A l'audience de plaidoirie du 07 Octobre 2014, la Cour étant composée de Monsieur Jean-Claude SABRON, Président de chambre, de Monsieur Didier BALUZE et de Monsieur Pierre-Louis PUGNET, Conseillers assistés de Madame Marie-Christine MANAUD, Greffier, Monsieur Didier BALUZE, Conseiller a été entendu en son rapport, les avocats des parties sont intervenus au soutien des intérêts de leurs clients.
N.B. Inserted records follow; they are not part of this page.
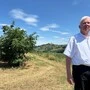 Ein weißhaariger Mann in einem weißen Hemd steht auf einer Wiese. Im Hintergrund sieht man einen Strauch.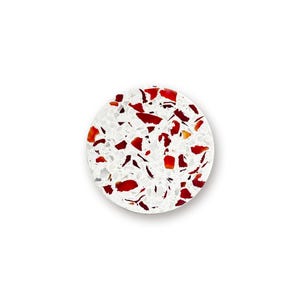 May include: A circular coaster featuring a white base embedded with numerous irregular, scattered red and dark red fragments. The surface has a speckled, terrazzo-like appearance with a smooth finish, creating a high-contrast pattern of white and red.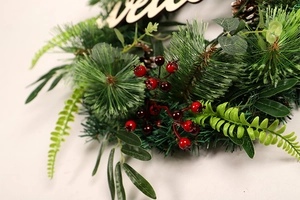 Detailed close-up of Christmas wreath featuring pine needles, red berries and Welcome sign
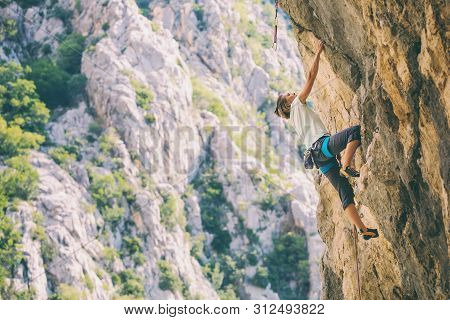 Rock Climbing And Mountaineering In The Paklenica National Park. A Woman Overcomes A Challenging Cli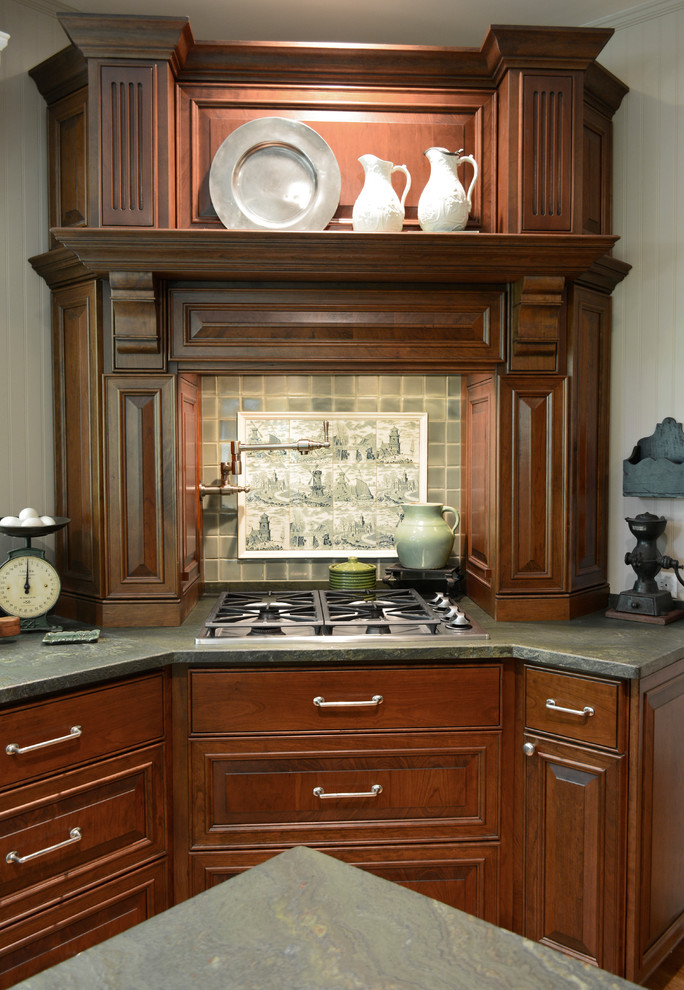 Example of a mid-sized classic l-shaped medium tone wood floor eat-in kitchen design in Atlanta with an undermount sink, raised-panel cabinets, medium tone wood cabinets, gray backsplash, ceramic backsplash, stainless steel appliances and an island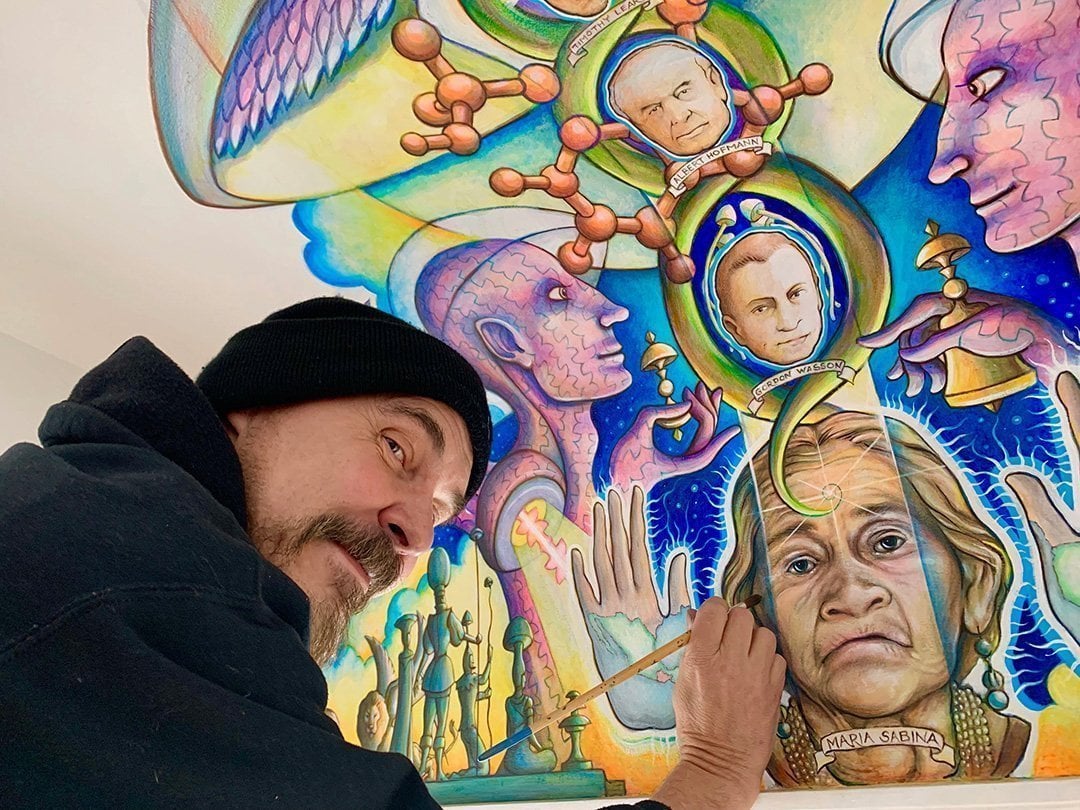 Perry Kroeger painting Mushroom Cafe mural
Puis Monsieur Jean-Claude SABRON, Président de chambre, a donné avis aux parties que la décision serait rendue le 04 Novembre 2014 par mise à disposition au greffe de la cour, après en avoir délibéré conformément à la loi.
--- = = oO § Oo = =---
LA COUR
--- = = oO § Oo = =---
Exposé du Litige
Les consorts X... ont fait procéder à la réfection de toute la toiture de leur maison d'habitation située à Ussel par la SARL Z....
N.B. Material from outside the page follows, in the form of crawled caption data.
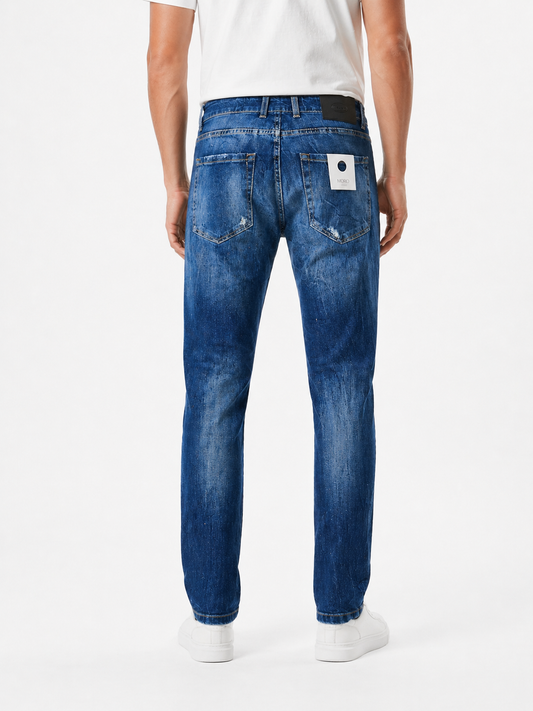 Jeans uomo slim fit denim elasticizzato – vista posteriore con sabbiatura – Made in Italy Frarò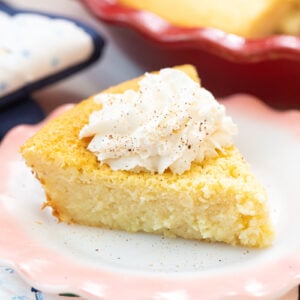 A slice of cornbread topped with whipped cream sits on a white plate with a pink rim. A larger dish of cornbread is seen in the background. The scene is decorated with a festive cloth.
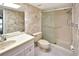 Bathroom with shower, vanity, and toilet at 2593 Countryside Blvd # 7305, Clearwater, FL 33761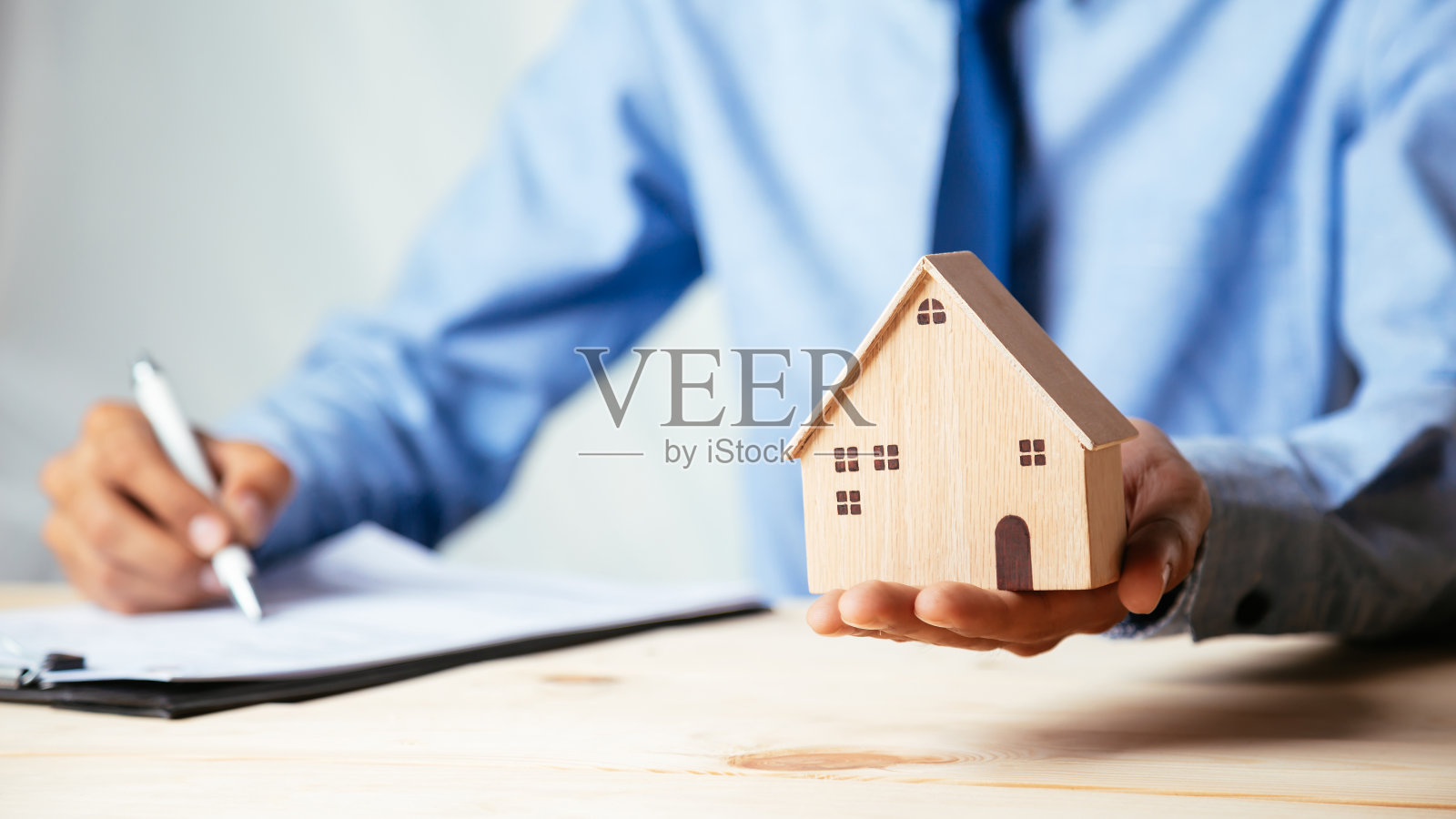 房屋模型与房地产代理和客户讨论合同买房，保险或贷款房地产，房地产概念。照片摄影图片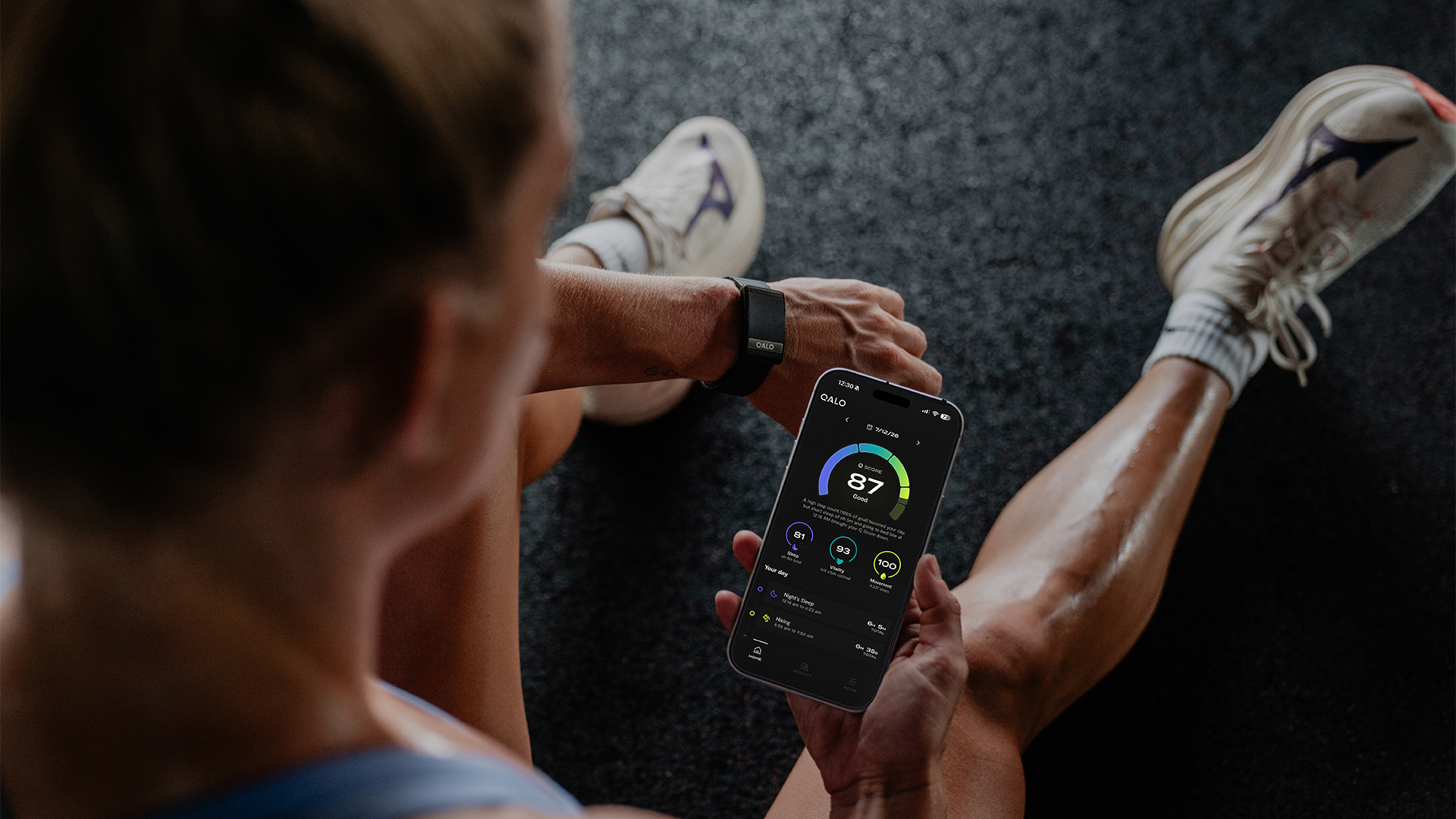 A close up of a person sitting on the floor, wearing a QALO SL-1 smart band and checking the QALO app for their Q score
Les travaux ont eu lieu en juillet 2008.
Le montant des travaux a été facturé le 6/ 08/ 2008 pour 16. 769, 34 ¿.
Une somme de 10. 000 ¿ a été payée.
Les consorts X... se sont plaints de l'apparition rapide de tâches sur les ardoises et ils ont diligenté un référé expertise dans le cadre duquel a été mis en cause le fournisseur des ardoises à l'entreprise
Z...
, soit la Sarl Club Ardoise.
L'expert désigné, M. A..., (ordonnance référé 27/ 01/ 2009) a établi un rapport en l'état le 3/ 12/ 2009.
Puis les consorts X... ont diligenté une action au fond. Le fabricant des ardoises, la société espagnole Piz Roc, a été appelée en cause.
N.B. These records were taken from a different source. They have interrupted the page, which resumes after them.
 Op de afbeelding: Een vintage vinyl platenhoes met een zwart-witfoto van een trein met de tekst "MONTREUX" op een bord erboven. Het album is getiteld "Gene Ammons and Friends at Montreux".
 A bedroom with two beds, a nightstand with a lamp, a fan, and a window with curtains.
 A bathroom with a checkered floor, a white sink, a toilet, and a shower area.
Un complément d'expertise a été confié par le juge de la mise en état (ordonnance du 15/ 12/ 2011) à M. A...(rapport du 23/ 04/ 2012).
Par jugement du 21/ 06/ 2013, le tribunal de grande instance de Brive a rejeté les demandes des consorts X... et il les a condamnés à payer à la SARL Z...la somme de 6. 769 ¿ au titre du solde des travaux.
*
Les consorts X... ont interjeté appel.
Ils font valoir qu'il ressort des expertises que les ardoises présentent des taches d'abord blanchâtres puis brunâtres, voire rouilles, que ce phénomène se généralise à l'ensemble de la toiture ; que cela révèle la présence probable de carbonate de calcium plutôt que de pyrhite, qu'il y a ainsi un désordre esthétique, qu'il y a aussi un délitement en surface des ardoises.
Ils exposent qu'ils avaient commandé des ardoises de première qualité, de classe A ou T1 selon les normes NF ou européennes mais que les phénomènes ci-dessus décrits démontrent que les tuiles fournies ne sont pas conformes à cette catégorie.
Ils invoquent donc la non conformité du produit fourni à l'appui de leur action, et sinon le vice caché.
Les consorts X... demandent donc de réformer le jugement et de condamner la SARL Z...à leur payer la somme de 16. 769, 34 ¿ avec actualisation.
*
La SARL Z...conclut à titre principal à la confirmation.
Elle conteste l'existence d'une non conformité comme d'un vice caché.
Subsidiairement, elle fait valoir qu'un préjudice n'est pas établi, que la pose n'est pas en cause et demande alors à être relevée indemne et la condamnation exclusive de la SARL CLUB ARDOISE.
*
La SARL CLUB ARDOISE soutient qu'il n'est pas établi qu'il ait été commandé des ardoises de 1er choix ou classe A, du moins dans ses rapports avec la SARL Z..., même si de fait elle a livré des ardoises de 1ère qualité ou T1.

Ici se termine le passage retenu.